The ends of your hair
flatten on the surface
into a slick of silver
trailing your neck
like the train of a gown.

Wtf, why do you know what a train of a gown is?

The mud moves gently
lower, loses the tips
of our fingers, while
your breaths grow
gently deeper,
and we lose our
decisiveness
and wait.

I like the last line for sure. The rest is a bit lost on me, like the other guy said it's great imagery, but I do find it hard to find any personal meaning for me. That's no offense or anything, write for yourself and all that. But yeah, losing decisiveness and waiting is an interesting line. I think it pairs well with the "forgotten futures" in the beginning. Like maybe that lack of decisiveness caused the forgetfulness.

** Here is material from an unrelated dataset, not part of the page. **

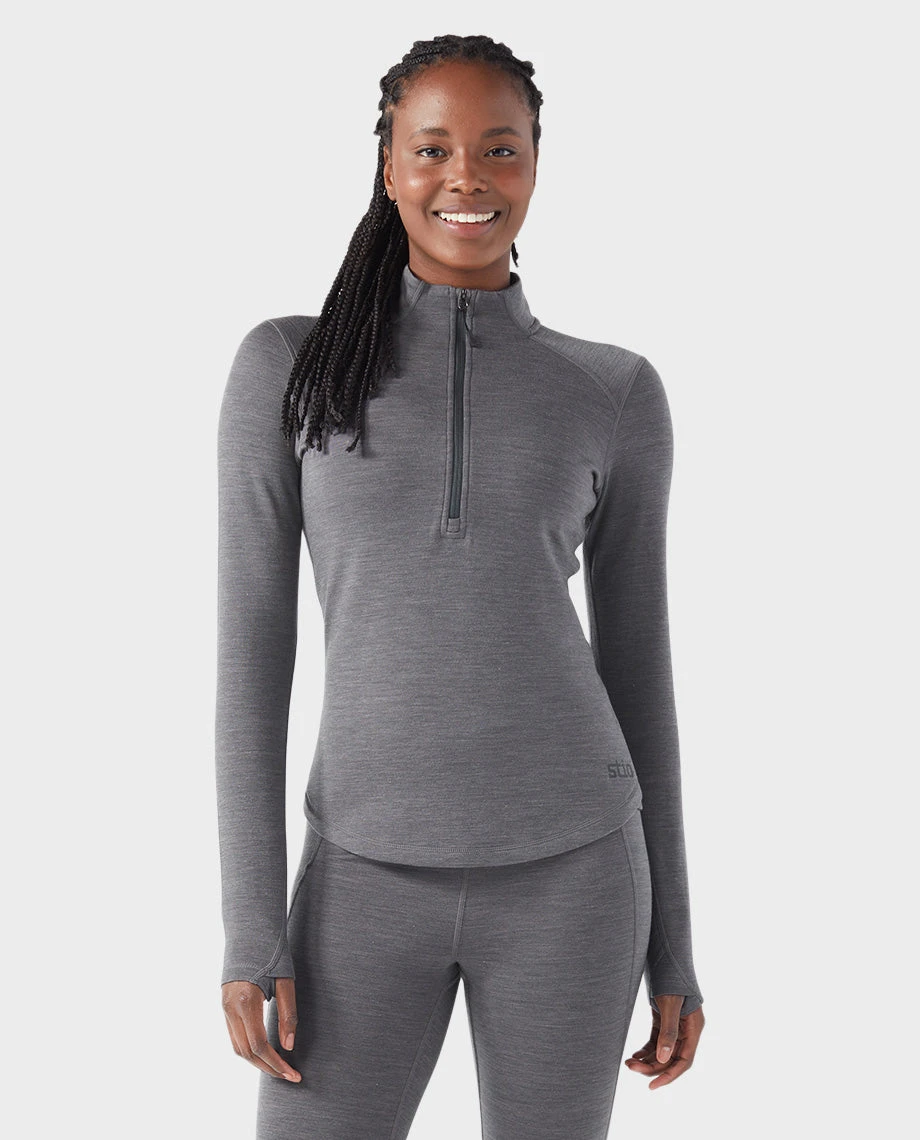 STIO Women's Basis Midweight Merino Half Zip 8 STIO Women's Basis Midweight Merino Half Zip - Image 6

This was fun jimi, maybe I'll be back
#4
thanks mikey i was half joking when i said c4c making fun of how little i contributed but it means a lot to me that you went back and read and critiqued this. you make some really good points and i'll definitely have to think harder about this one.
Anatomy Anatomy
Whale Blue Review

Park that car
Drop that phone
Sleep on the floor
Dream about me
#5
Like looking at a mountain through a telescope. The short lines emphasize the way you play with words, and you play with them so well. Then a step back, the lens removed, and the whole great entity is finally seen, but with the memory of those little bits intact. Well done. One piece of criticism; amidst the flowing language the phrase "you always were a fun girl" seems a bit, I don't know, juvenile? Like something I know you could phrase better. It's especially jarring with the way it's broken up, amidst all these lines with beautiful language and images to think about, there's a gap of meh that to me breaks up the flow. Consider rewriting that phrase because I know you have it in you.